Tuesday, 10 August 2010

A remarkable survival


South Cerney Christ, originally uploaded by Aidan McRae Thomson.
This beautiful Romanesque polychromed head and foot, is all that remains of a rood dating from c.1130. The fragments were found in 1913 walled up behind the respond of a nave arcade at South Cerney in Gloucestershire. Sadly the rest of the figure perished, but originally the corpus would have been around 80cm tall and extremely striking. A remarkable survival, this is one of only two Corpus figures in England to survive the sixteenth century iconoclasm. The other, an earlier 16th century example from Cartmel Fell in Cumbria, was discovered in 1876 in use as a vestry fire poker!

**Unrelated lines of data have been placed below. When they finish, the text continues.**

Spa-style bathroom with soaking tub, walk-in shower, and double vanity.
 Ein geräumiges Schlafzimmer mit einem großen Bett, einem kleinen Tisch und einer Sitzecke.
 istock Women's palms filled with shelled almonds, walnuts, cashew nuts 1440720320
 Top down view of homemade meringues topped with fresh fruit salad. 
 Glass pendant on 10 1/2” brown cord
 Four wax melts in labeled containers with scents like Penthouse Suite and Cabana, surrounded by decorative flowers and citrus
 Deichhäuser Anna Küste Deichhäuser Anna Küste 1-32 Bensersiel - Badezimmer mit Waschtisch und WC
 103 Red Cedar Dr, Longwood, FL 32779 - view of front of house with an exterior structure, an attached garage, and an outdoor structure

The South Cerney rood is now in the British Museum and I am grateful to Aidan McRae Thomson for his photograph. More information on the rood can be found in R. Deacon and P. Lindley's Image and Idol; Medieval Sculpture (London, 2001)

1 comment:

Roger Mortimer said...

I saw this years back when it was still at South Cerney. A stunning and beautiful survival. Streets ahead of the Cartmel Fell rood in quality, even without the fire damage. There's at least one more surviving British medieval rood, from the Welsh church of Kenys Inferiour.